» **Instructions for the task**
Each line in the records below, from the one that contains "ElizabethRamirez" to the one that contains "7030A005XA | Подушка", should be reproduced exactly, the first and last included.

┄┄┄┄┄┄

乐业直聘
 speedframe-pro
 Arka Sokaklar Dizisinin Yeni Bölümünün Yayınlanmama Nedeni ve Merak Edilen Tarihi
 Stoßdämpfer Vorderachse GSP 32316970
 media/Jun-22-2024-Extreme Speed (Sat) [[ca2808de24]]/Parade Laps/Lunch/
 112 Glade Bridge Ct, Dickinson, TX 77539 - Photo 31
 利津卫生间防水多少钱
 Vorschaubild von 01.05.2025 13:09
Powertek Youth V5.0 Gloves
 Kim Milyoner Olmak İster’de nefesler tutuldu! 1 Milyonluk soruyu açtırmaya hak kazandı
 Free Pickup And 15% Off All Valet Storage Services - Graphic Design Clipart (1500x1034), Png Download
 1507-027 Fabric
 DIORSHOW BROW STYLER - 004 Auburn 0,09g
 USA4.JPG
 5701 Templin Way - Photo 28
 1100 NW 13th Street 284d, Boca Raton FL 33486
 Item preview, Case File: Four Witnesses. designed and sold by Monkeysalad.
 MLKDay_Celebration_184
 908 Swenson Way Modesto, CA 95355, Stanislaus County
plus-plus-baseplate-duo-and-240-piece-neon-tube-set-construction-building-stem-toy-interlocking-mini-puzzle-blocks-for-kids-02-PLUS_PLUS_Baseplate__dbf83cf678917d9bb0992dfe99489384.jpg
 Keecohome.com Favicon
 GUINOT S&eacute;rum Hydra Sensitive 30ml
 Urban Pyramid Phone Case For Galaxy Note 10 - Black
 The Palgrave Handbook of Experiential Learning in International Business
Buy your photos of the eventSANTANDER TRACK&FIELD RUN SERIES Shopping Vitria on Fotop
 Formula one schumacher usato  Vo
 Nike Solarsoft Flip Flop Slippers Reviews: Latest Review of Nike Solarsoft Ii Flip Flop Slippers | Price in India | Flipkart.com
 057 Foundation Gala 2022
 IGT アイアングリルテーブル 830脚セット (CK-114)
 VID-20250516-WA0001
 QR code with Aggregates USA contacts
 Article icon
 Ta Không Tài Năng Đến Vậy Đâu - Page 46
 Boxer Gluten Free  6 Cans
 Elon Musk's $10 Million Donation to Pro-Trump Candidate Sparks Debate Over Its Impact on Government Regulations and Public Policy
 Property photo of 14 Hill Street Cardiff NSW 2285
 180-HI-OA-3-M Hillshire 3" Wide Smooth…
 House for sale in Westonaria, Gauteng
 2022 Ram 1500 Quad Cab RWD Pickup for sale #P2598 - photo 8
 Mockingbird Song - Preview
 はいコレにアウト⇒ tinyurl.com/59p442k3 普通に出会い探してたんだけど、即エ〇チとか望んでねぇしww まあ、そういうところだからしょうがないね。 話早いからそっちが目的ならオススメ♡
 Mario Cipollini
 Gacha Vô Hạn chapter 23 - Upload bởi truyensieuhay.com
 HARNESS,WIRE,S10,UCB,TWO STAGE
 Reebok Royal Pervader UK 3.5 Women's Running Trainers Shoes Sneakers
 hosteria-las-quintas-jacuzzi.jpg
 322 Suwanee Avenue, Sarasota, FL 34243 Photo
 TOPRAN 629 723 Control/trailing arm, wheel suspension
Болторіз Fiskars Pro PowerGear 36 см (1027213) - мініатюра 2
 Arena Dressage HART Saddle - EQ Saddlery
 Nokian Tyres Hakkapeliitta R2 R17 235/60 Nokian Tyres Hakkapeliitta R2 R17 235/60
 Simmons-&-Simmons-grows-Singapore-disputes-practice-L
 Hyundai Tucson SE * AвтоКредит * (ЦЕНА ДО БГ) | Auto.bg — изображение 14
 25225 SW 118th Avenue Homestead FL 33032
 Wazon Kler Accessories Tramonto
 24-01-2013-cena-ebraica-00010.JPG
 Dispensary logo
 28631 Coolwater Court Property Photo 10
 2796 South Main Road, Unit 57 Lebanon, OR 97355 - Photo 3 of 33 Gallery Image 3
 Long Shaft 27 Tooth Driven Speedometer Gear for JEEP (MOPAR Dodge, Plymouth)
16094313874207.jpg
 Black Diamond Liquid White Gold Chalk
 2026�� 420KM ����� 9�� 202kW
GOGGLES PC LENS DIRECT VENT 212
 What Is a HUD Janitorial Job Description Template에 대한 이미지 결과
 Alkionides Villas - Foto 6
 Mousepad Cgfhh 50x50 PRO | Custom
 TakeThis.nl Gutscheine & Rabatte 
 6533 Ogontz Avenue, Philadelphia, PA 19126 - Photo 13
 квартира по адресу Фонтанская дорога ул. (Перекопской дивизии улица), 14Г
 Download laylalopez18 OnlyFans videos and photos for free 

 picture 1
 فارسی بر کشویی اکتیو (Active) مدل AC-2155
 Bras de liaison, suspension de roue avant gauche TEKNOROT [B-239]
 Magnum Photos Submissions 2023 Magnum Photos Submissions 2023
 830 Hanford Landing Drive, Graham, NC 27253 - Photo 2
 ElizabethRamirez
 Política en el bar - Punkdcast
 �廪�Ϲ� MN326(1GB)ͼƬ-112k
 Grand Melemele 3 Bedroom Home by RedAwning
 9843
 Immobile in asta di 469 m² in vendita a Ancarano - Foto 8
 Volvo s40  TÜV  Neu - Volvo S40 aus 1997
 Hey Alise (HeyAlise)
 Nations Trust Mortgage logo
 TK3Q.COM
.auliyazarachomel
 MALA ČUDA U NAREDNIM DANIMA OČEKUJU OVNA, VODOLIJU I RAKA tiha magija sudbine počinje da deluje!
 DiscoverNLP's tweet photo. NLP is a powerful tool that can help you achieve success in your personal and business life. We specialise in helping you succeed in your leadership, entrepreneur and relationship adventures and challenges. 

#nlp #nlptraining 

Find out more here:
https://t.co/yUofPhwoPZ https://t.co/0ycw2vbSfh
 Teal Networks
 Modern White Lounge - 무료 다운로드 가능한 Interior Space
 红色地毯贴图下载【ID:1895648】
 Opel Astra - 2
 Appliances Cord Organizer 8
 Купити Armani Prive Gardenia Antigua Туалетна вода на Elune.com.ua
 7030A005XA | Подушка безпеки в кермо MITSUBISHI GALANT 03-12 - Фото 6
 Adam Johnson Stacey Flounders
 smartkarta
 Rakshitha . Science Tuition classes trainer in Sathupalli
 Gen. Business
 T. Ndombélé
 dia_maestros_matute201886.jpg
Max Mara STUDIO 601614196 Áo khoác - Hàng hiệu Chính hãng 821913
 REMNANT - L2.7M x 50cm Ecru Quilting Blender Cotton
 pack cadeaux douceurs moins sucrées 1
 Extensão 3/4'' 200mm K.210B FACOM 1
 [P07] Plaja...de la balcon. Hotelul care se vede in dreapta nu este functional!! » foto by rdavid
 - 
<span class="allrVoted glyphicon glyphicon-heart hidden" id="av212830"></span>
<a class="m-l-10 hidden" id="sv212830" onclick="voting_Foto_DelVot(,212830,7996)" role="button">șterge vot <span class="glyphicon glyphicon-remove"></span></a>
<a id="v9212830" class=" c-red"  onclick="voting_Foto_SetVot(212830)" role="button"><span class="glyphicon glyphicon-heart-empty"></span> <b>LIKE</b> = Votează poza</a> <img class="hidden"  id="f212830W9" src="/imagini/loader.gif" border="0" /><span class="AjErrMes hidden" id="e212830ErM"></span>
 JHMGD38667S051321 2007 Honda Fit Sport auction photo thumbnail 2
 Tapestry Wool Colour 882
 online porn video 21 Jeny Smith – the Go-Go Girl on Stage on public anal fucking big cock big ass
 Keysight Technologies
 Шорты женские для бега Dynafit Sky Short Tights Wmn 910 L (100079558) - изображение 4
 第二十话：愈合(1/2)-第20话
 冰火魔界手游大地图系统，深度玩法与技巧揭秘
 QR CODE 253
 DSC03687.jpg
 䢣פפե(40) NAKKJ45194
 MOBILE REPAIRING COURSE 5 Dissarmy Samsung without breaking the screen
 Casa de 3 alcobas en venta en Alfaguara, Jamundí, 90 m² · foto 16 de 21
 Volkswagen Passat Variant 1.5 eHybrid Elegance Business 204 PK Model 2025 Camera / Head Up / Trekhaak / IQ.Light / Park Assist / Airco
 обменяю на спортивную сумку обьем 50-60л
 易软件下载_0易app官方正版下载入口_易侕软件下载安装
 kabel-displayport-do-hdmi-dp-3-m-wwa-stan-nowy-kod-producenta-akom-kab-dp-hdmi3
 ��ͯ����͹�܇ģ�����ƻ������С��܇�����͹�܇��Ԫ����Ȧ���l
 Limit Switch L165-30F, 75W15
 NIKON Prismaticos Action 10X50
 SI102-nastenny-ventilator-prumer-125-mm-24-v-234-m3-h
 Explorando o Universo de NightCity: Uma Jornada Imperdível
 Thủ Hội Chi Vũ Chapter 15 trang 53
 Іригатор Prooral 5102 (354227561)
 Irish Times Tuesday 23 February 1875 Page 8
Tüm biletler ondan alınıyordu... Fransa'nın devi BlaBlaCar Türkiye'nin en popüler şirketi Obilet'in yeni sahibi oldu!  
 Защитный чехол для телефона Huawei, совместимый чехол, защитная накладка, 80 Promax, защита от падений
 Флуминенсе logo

┄┄┄┄┄┄

» **Answer space**
 ElizabethRamirez
 Política en el bar - Punkdcast
 �廪�Ϲ� MN326(1GB)ͼƬ-112k
 Grand Melemele 3 Bedroom Home by RedAwning
 9843
 Immobile in asta di 469 m² in vendita a Ancarano - Foto 8
 Volvo s40  TÜV  Neu - Volvo S40 aus 1997
 Hey Alise (HeyAlise)
 Nations Trust Mortgage logo
 TK3Q.COM
.auliyazarachomel
 MALA ČUDA U NAREDNIM DANIMA OČEKUJU OVNA, VODOLIJU I RAKA tiha magija sudbine počinje da deluje!
 DiscoverNLP's tweet photo. NLP is a powerful tool that can help you achieve success in your personal and business life. We specialise in helping you succeed in your leadership, entrepreneur and relationship adventures and challenges. 

#nlp #nlptraining 

Find out more here:
https://t.co/yUofPhwoPZ https://t.co/0ycw2vbSfh
 Teal Networks
 Modern White Lounge - 무료 다운로드 가능한 Interior Space
 红色地毯贴图下载【ID:1895648】
 Opel Astra - 2
 Appliances Cord Organizer 8
 Купити Armani Prive Gardenia Antigua Туалетна вода на Elune.com.ua
 7030A005XA | Подушка безпеки в кермо MITSUBISHI GALANT 03-12 - Фото 6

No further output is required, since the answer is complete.